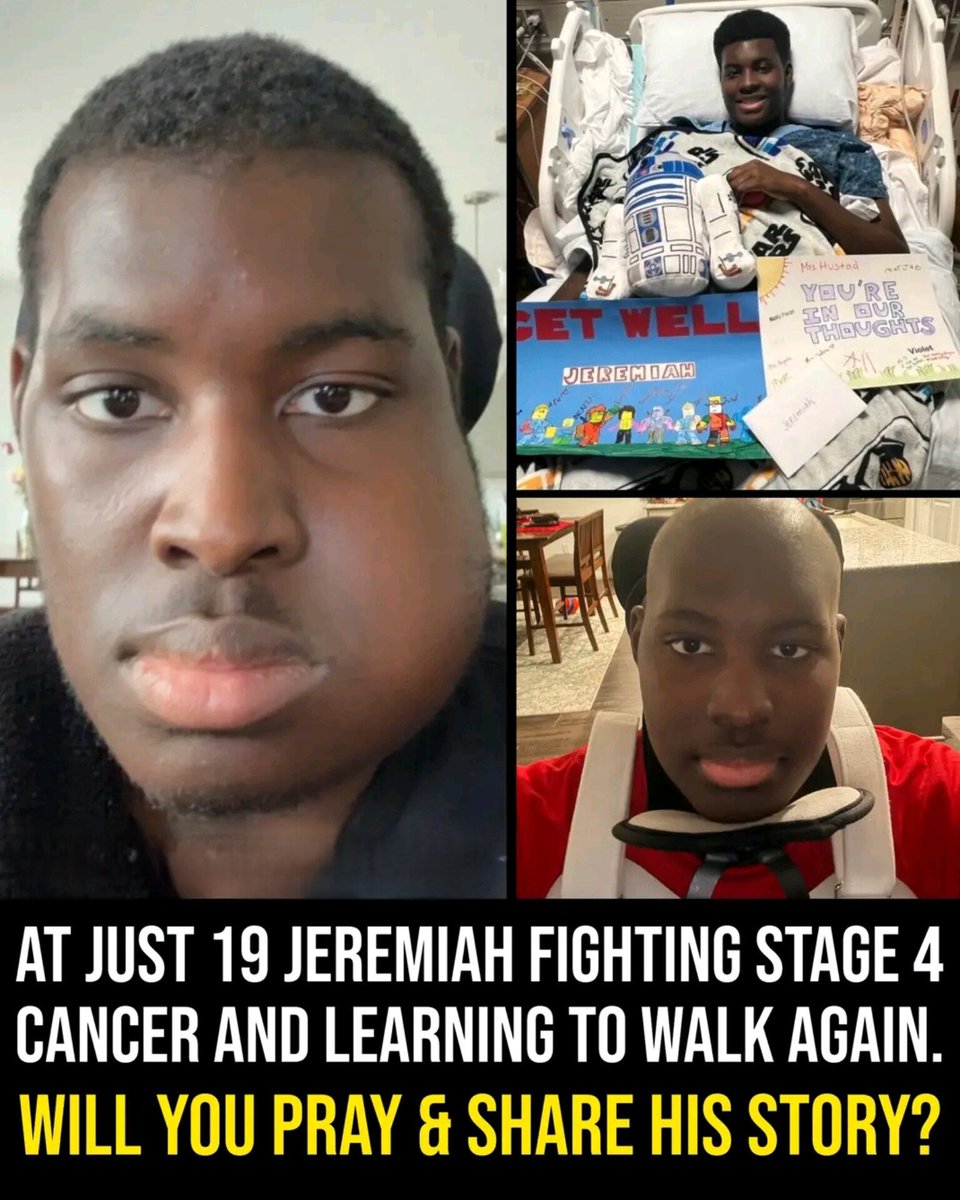 AdaugoAguiyi's tweet photo. 💔🙏 PLEASE SAY A PRAYER FOR 19-YEAR-OLD JEREMIAH JONES, WHO IS B@TTLING STAGE 4 ÇANÇER AND F1GHT!NG TO WALK AGAIN.

Jeremiah’s life changed in October 2023 when, during his senior year of high school, he was diagnosed with a rare and aggr£ss!ve b⁰ne çançer called Mesenchymal Chondrosarcoma.

The çançer began in his spine and spread to his chest, jaw, and hip. What started as back pa!ñ and d1ff!culty walking soon became a f1ght for his life.

He has endured multiple spinal surgêriës, çhemótheråpy, radiation, and months of rehab!litation. After one sürgéry, Jeremiah became par@lyzed, and doctors gave him only a small chance of walking again.

But he refused to give up. ❤️ Through determination, faith, and therapy, he began learning to walk again. Despite everything he was going through, he even graduated from high school in June 2024.

Sadly, in February 2025, he received the heartbre@k!ng news that his çançer had returned and continued spreading despite 14 rounds of çhemothérapy.

At just 19, Jeremiah is facing a b@ttle no young person should have to endure. His family is also struggling with the enormous cost of his ongoing medical care.

🙏 Please keep Jeremiah and his family in your prayers. Pray for strength, healing, comfort, and hope during this incredibly difficult time.

If you believe in the power of prayer, please leave a prayer for Jeremiah in the comments. Let him and his family know they are not forgotten. ❤️🙏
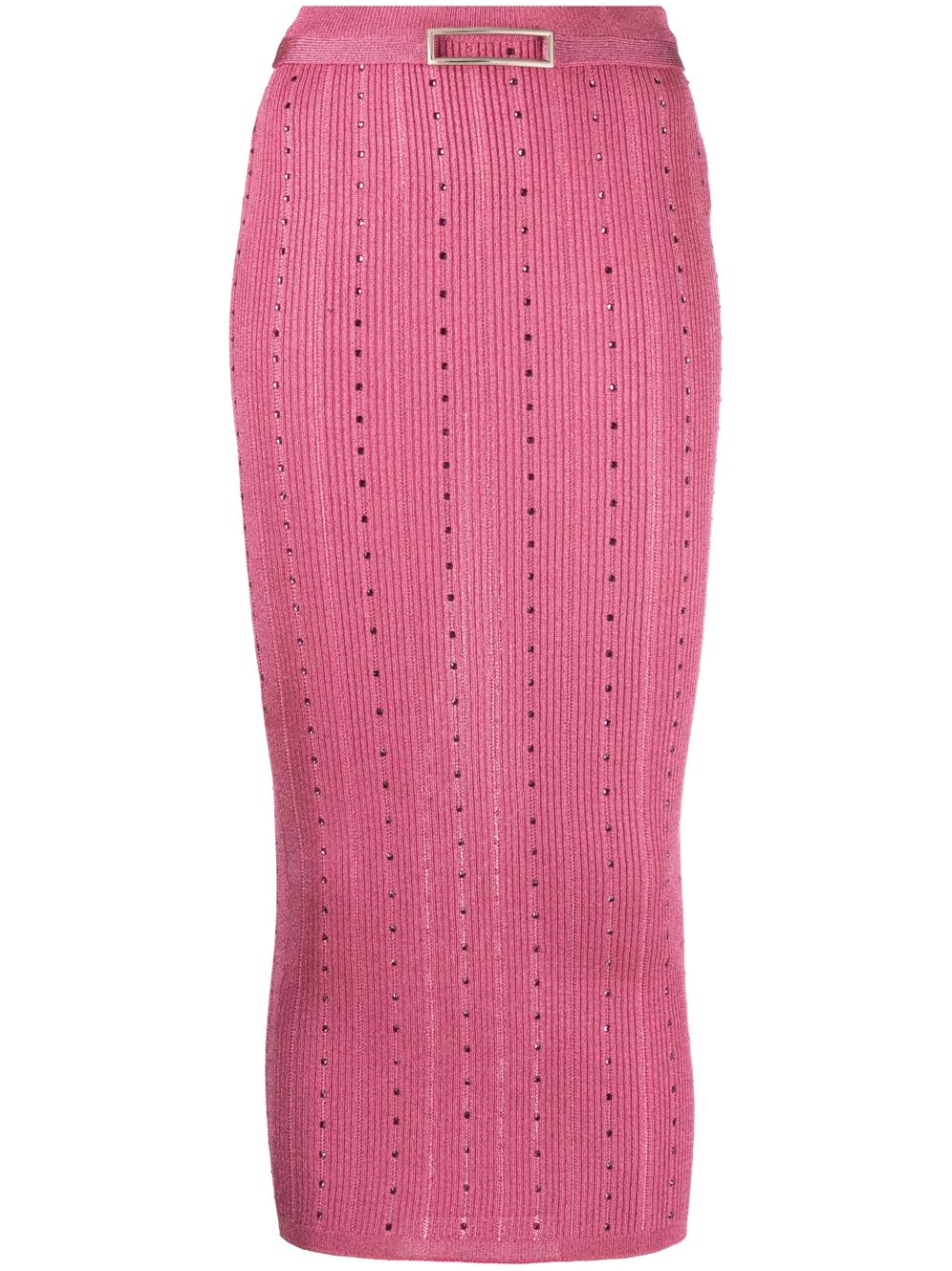 Embellished knitted midi skirt - Pink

:::::

- Task objective -
All lines from the start of the entries above through the line containing "He has endured" must be transcribed exactly, both ends included, and no picture may be copied.

- Solution for this exercise -
 AdaugoAguiyi's tweet photo. 💔🙏 PLEASE SAY A PRAYER FOR 19-YEAR-OLD JEREMIAH JONES, WHO IS B@TTLING STAGE 4 ÇANÇER AND F1GHT!NG TO WALK AGAIN.

Jeremiah’s life changed in October 2023 when, during his senior year of high school, he was diagnosed with a rare and aggr£ss!ve b⁰ne çançer called Mesenchymal Chondrosarcoma.

The çançer began in his spine and spread to his chest, jaw, and hip. What started as back pa!ñ and d1ff!culty walking soon became a f1ght for his life.

He has endured multiple spinal surgêriës, çhemótheråpy, radiation, and months of rehab!litation. After one sürgéry, Jeremiah became par@lyzed, and doctors gave him only a small chance of walking again.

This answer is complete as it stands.